Circulating HIV DNA Correlates With Neurocognitive Impairment in Older HIV-infected Adults on Suppressive ART.

作者信息

de Oliveira Michelli Faria, Murrell Ben, Pérez-Santiago Josué, Vargas Milenka, Ellis Ronald J, Letendre Scott, Grant Igor, Smith Davey M, Woods Steven Paul, Gianella Sara

机构信息

University of California San Diego, La Jolla, CA, USA.

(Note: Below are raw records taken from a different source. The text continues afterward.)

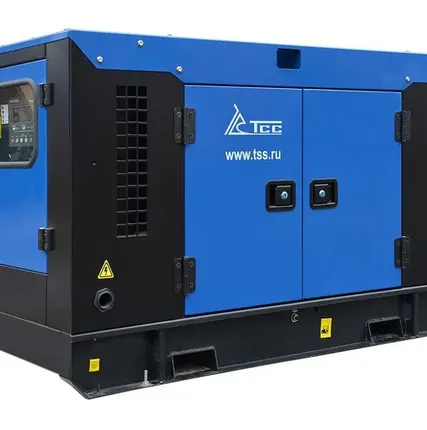 Фото №0 Дизельный генератор ТСС АД-20С-Т400-1РКМ11 в шумозащитном кожухе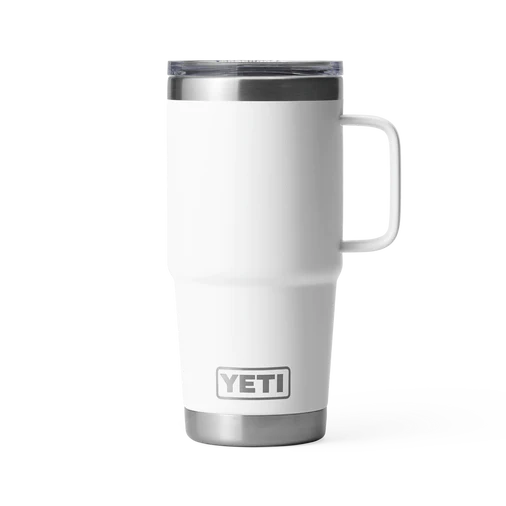 Yeti Rambler 20oz Travel Mug - White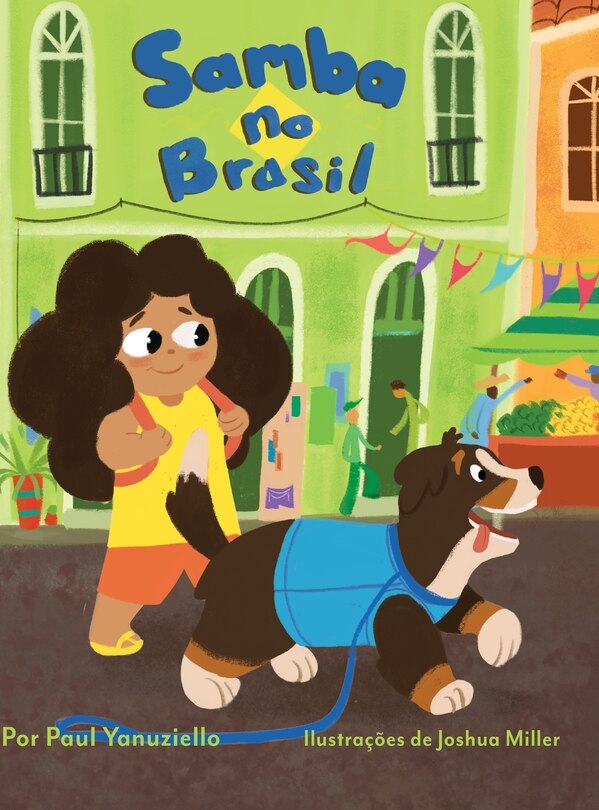 Front cover_Samba No Brasil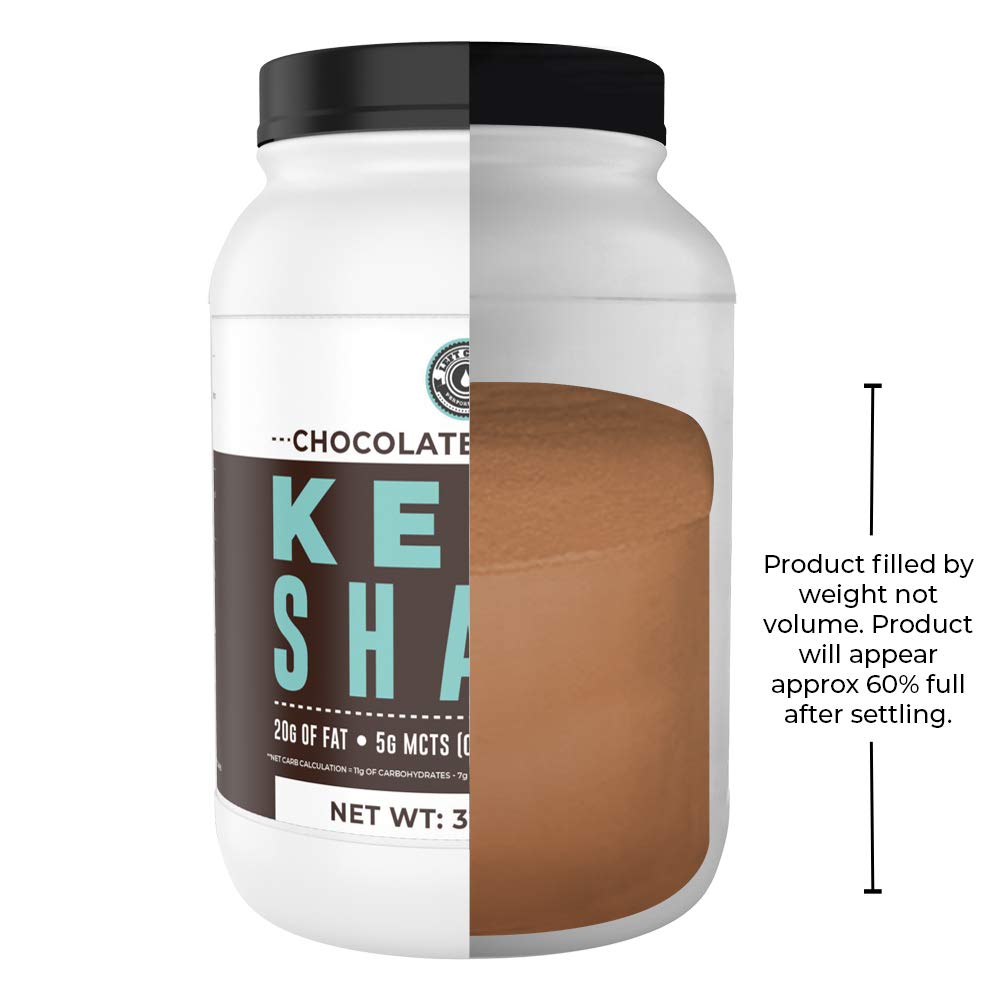 Left Coast Performance Keto Shake used as coffee creamer for chocolate flavor.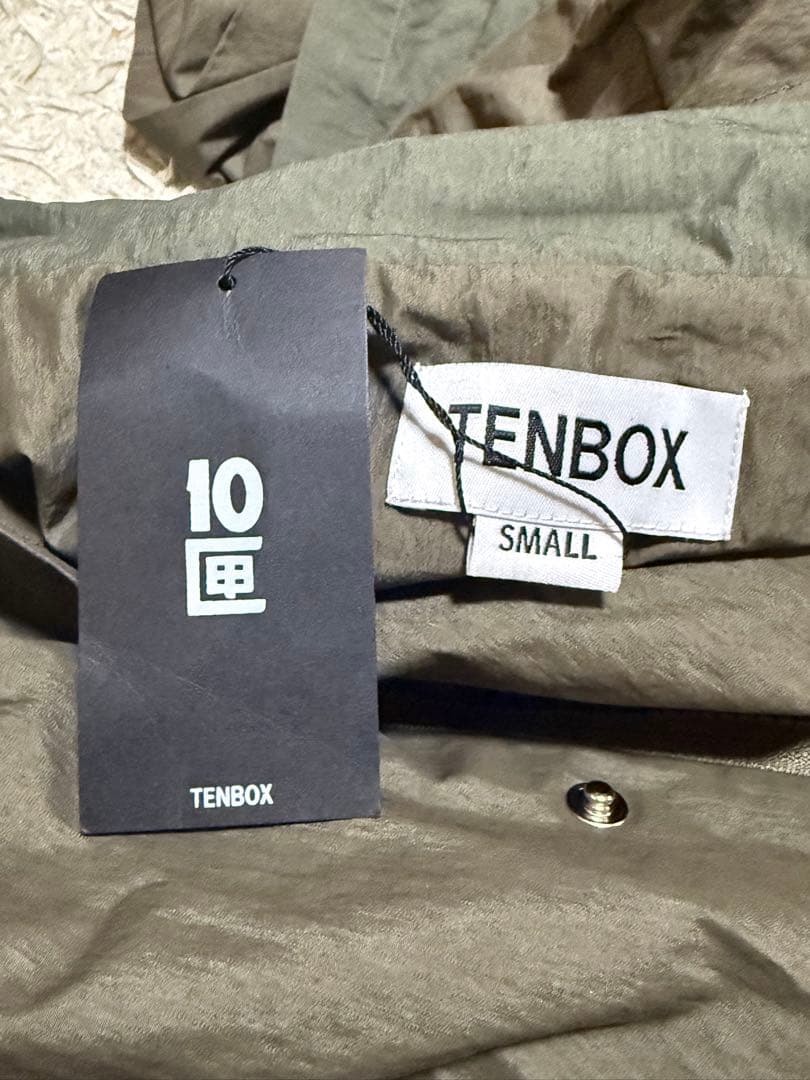 【未使用品】TENBOX 10匣 テンボックス S ミリタリージャケット コート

HIV Neurobehavioral Research Center, San Diego, CA, USA.

出版信息

Sci Rep. 2015 Nov 25;5:17094. doi: 10.1038/srep17094.

Abstract

Older HIV-infected adults have a higher risk of neurocognitive impairment, but the underlying mechanisms are poorly understood. Here, we investigated the associations between levels of HIV DNA in peripheral blood, soluble markers of inflammation and cellular trafficking in blood and cerebrospinal fluid (CSF) and neurocognitive functioning among 18 younger (22-40 years) and 26 older (50-71 years) HIV-infected subjects, who were administered a comprehensive neurocognitive battery. Older HIV-infected individuals presented higher levels of inflammation in CSF and blood compared to younger individuals, but no difference was observed in HIV DNA levels. Among older participants, higher HIV DNA levels were significantly associated with more severe neurocognitive impairment (p = 0.005), particularly in the Executive Functions domain (p = 0.004). No association was observed between HIV DNA and neurocognition among younger individuals. Despite significantly increased inflammation observed in the older group, none of the inflammatory markers were associated with neurocognitive impairment among older HIV+ individuals (p > 0.05). Our study supports the involvement of peripheral HIV DNA reservoir in the pathogenesis of neurocognitive disorder during suppressive ART. Correlates of neurocognitive impairment might differ between younger and older adults, suggesting that future treatment and prevention strategies for HIV-associated neurocognitive disorders likely need to be tailored based on age.

摘要

年长的HIV感染者患神经认知障碍的风险更高,但其潜在机制尚不清楚。在此,我们调查了18名年轻(22 - 40岁)和26名年长(50 - 71岁)HIV感染者外周血中HIV DNA水平、血液和脑脊液(CSF)中炎症和细胞运输的可溶性标志物与神经认知功能之间的关联,这些受试者接受了全面的神经认知测试。与年轻个体相比,年长的HIV感染者CSF和血液中的炎症水平更高,但HIV DNA水平未观察到差异。在年长参与者中,较高的HIV DNA水平与更严重的神经认知障碍显著相关(p = 0.005),特别是在执行功能领域(p = 0.004)。在年轻个体中未观察到HIV DNA与神经认知之间的关联。尽管在年长组中观察到炎症显著增加,但在年长的HIV阳性个体中,没有一种炎症标志物与神经认知障碍相关(p > 0.05)。我们的研究支持外周HIV DNA储存库在抑制性抗逆转录病毒治疗期间神经认知障碍发病机制中的作用。神经认知障碍的相关因素在年轻人和年长者中可能不同,这表明未来针对HIV相关神经认知障碍的治疗和预防策略可能需要根据年龄进行调整。